News: MCR north jetty access restricted beginning fall 2014
Story by Michelle Helms
PORTLAND, Ore. – The public will not have access to the north jetty at the mouth of the Columbia River beginning in October 2014 when the U.S. Army Corps of Engineers begins the next phase of its major rehabilitation of the jetty system.
The Corps will mobilize equipment and personnel to replace a culvert under Jetty Road in Cape Disappointment State Park, and place material in the lagoon at the jetty’s root. A fence will identify the active construction site, which will be off limits to the general public. The project will stop erosion and stabilize and protect the root of the structure. It is the first step as the Corps begins critical repairs to the north jetty, which is part of the larger major rehabilitation of the MCR jetty system.
Cape Disappointment visitors should expect construction-related traffic, road closures and some traffic delays.
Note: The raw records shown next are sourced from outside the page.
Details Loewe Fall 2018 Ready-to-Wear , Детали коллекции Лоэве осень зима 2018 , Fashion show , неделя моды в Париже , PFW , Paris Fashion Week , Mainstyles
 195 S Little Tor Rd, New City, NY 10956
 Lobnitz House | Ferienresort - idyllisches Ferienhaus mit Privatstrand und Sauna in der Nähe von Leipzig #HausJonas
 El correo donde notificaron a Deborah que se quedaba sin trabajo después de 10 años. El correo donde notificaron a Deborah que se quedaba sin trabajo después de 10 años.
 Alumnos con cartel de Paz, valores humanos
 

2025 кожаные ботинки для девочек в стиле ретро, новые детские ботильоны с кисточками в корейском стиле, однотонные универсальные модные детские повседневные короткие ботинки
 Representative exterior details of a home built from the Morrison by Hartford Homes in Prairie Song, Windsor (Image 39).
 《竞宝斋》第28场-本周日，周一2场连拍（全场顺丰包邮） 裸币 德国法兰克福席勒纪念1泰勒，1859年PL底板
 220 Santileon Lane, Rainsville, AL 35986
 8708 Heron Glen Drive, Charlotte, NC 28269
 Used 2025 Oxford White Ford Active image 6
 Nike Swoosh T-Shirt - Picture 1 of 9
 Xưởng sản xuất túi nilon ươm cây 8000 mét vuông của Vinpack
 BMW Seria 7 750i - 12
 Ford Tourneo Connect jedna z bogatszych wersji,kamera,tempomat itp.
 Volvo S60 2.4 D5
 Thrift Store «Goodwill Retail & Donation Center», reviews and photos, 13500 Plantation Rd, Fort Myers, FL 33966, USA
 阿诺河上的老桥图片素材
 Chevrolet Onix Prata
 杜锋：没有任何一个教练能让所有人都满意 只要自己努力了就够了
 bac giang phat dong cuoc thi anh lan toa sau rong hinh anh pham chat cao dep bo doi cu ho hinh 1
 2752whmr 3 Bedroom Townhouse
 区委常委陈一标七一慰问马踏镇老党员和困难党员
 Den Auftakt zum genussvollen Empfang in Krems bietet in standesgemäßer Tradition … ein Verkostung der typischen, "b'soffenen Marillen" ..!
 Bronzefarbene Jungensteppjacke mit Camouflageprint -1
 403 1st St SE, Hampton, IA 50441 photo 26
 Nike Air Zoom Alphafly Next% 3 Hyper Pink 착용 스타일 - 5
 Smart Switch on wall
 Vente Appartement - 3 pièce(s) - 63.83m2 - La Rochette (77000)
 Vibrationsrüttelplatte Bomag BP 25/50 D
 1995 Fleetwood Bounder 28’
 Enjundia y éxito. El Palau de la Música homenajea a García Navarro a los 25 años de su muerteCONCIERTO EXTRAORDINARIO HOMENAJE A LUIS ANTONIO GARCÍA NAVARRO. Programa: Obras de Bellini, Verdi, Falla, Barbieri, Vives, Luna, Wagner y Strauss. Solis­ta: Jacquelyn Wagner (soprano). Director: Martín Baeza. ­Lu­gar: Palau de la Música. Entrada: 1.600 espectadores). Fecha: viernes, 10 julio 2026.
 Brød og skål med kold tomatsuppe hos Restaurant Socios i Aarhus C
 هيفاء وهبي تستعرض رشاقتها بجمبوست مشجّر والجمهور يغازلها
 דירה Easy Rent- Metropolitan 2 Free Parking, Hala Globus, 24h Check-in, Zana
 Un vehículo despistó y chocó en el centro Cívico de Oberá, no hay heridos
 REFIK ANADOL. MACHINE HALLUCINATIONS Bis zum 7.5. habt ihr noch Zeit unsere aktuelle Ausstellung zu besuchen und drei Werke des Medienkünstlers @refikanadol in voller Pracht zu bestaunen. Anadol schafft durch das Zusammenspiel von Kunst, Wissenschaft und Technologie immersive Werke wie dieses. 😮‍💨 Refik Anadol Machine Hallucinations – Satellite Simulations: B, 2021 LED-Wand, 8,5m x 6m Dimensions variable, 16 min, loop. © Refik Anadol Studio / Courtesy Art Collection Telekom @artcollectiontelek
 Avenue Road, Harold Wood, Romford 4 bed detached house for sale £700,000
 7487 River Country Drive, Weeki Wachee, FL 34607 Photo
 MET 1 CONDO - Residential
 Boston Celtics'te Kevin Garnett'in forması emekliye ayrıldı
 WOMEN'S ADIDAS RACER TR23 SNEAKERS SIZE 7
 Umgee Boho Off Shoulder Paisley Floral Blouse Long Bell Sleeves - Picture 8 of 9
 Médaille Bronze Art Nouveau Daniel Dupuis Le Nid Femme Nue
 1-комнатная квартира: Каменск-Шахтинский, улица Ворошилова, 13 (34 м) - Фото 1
Jetty Road will be closed during the culvert replacement, and the west side of the east parking will be closed to accommodate construction staging. Access to Benson Beach from Jetty Road may be temporarily restricted during this time.
After the culvert work is complete, Jetty Road between the east parking lot and the northern gravel parking lot will be closed Monday through Friday with plans to open on weekends and holidays. Some additional closures may be necessary at times as the lagoon fill project continues into spring 2015. Park visitors can access Benson Beach during the road closure on foot from the east parking lot or the northern gravel parking lot.
Project details and a map showing the construction area and impacts are available at http://www.nwp.usace.army.mil/Missions/Currentprojects/MouthoftheColumbiaRiverjetties.aspx.
The Mouth of the Columbia River's jetty system was built from 1885 - 1939. The jetties have undergone repairs and rehabilitation several times since original construction.
The MCR jetty system was designed to minimize navigation channel maintenance and provide safe transit between the Pacific Ocean and the Columbia River. The jetties annually support $20 billion in international trade, 55 million tons of cargo and more than 40,000 maritime-related jobs.